Time Frequency and Wavelets in Biomedical Signal Processing
Brimming with top articles from experts in signal processing and biomedical engineering, Time Frequency and Wavelets in Biomedical Signal Processing introduces time-frequency, time-scale, wavelet transform methods, and their applications in biomedical signal processing. This edited volume incorporates the most recent developments in the field to illustrate thoroughly how the use of these time-frequency methods is currently improving the quality of medical diagnosis, including technologies for assessing pulmonary and respiratory conditions, EEGs, hearing aids, MRIs, mammograms, X rays, evoked potential signals analysis, neural networks applications, among other topics.
Time Frequency and Wavelets in Biomedical Signal Processing will be of particular interest to signal processing engineers, biomedical engineers, and medical researchers.
Topics covered include:
- Time-frequency analysis methods and biomedical applications
- Wavelets, wavelet packets, and matching pursuits and biomedical applications
- Wavelets and medical imaging
- Wavelets, neural networks, and fractals
Why Read This Book
You should read this book if you want a practical, application-driven introduction to time–frequency and wavelet tools as they are used in biomedical signal analysis.
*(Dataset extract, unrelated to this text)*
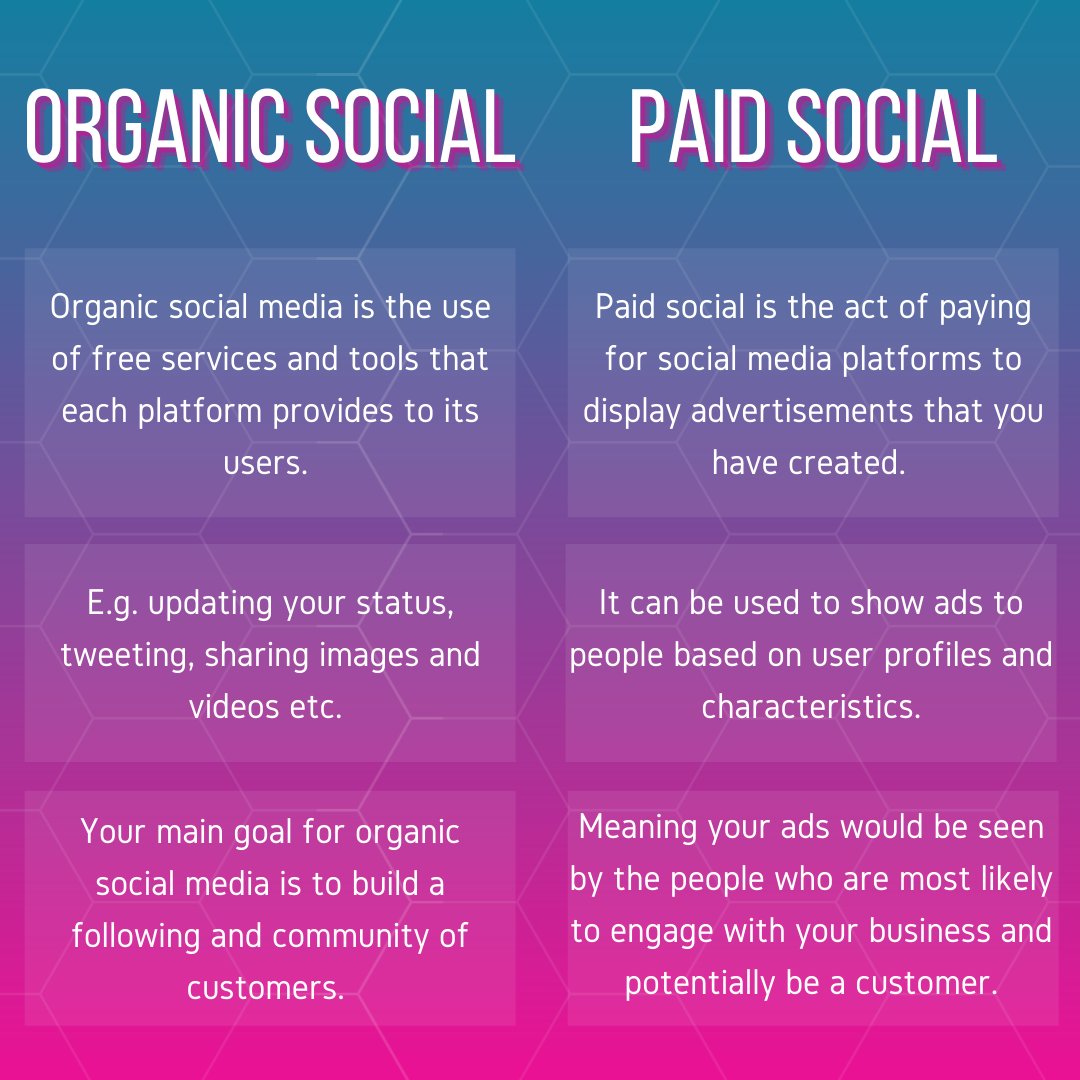 Acquiro Digital tweet media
It gathers case studies and algorithms from domain experts so you can see how TFRs and wavelets are applied to real EEG, ECG, imaging and respiratory problems rather than only learning abstract theory.
Who Will Benefit
Engineers and researchers with basic DSP background who are developing signal analysis or diagnostic algorithms for biomedical signals (EEG, ECG, MRI, respiratory) and want practical case studies and method comparisons.
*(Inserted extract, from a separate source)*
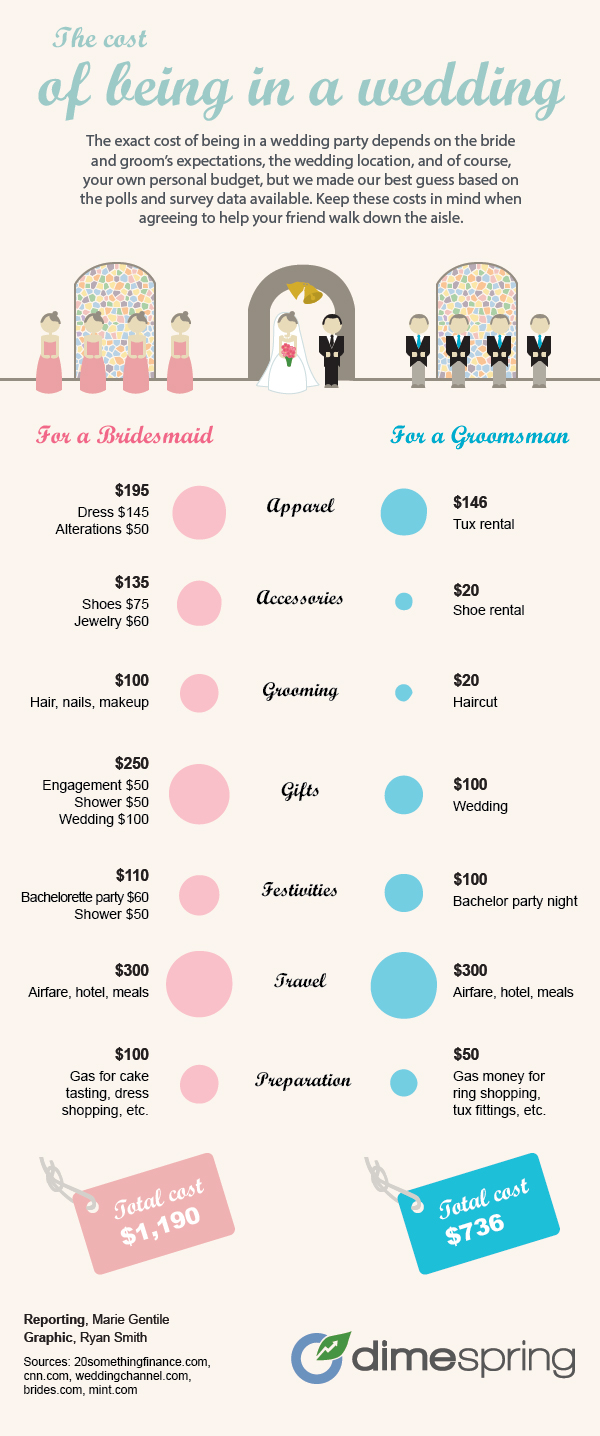 The Costs of Being in a Wedding Weddings So Easy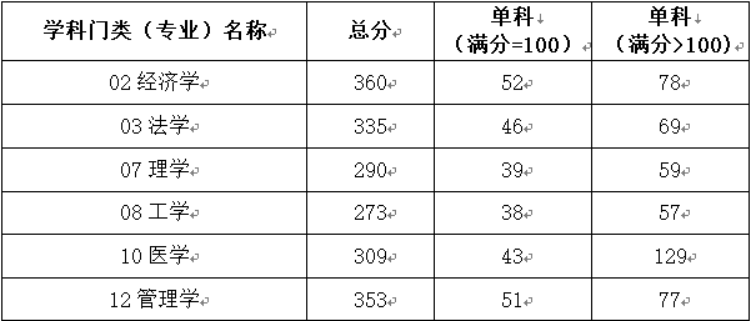 2022重庆理工大学学术学位分数线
Level: Intermediate — Prerequisites: Familiarity with basic DSP concepts (Fourier transform, filtering, sampling) and linear systems; basic calculus and probability will help to follow derivations.
Key Takeaways
- Apply time–frequency representations (STFT, Wigner-Ville and related TFRs) to nonstationary biomedical signals
- Use wavelet transforms (continuous and discrete) for feature extraction, denoising and time-scale analysis in biosignals
- Interpret time–frequency patterns for diagnostic tasks such as EEG/evoked potential and ECG analysis
- Implement practical algorithms demonstrated on physiological data (EEG, ECG, respiratory signals, medical images)
- Assess strengths and trade-offs of different time–frequency/wavelet approaches in clinical and signal-quality contexts
Topics Covered
- Preface and overview: Time–frequency and wavelet perspectives in biomedical signals
- Foundations of time–frequency analysis (STFT, spectrograms)
- Quadratic time–frequency distributions (Wigner–Ville and Cohen class)
- Time–scale analysis and continuous wavelet transforms
- Discrete wavelet transforms and multiresolution methods
- Denoising and feature extraction for ECG and cardiovascular signals
- EEG and evoked potentials: time–frequency approaches
- Respiratory and pulmonary signal analysis with TFRs
- Applications in auditory processing and hearing aids
- Medical imaging applications (MRI, mammography) using wavelets
- Neural networks and hybrid approaches for biomedical signal interpretation
- Clinical validation, comparative studies and future directions
Languages, Platforms & Tools
How It Compares
More application-focused than Mallat's A Wavelet Tour of Signal Processing (which is theory-heavy) and complements Rangayyan's Biomedical Signal Analysis by providing a deeper set of time–frequency and wavelet case studies specific to biomedical problems.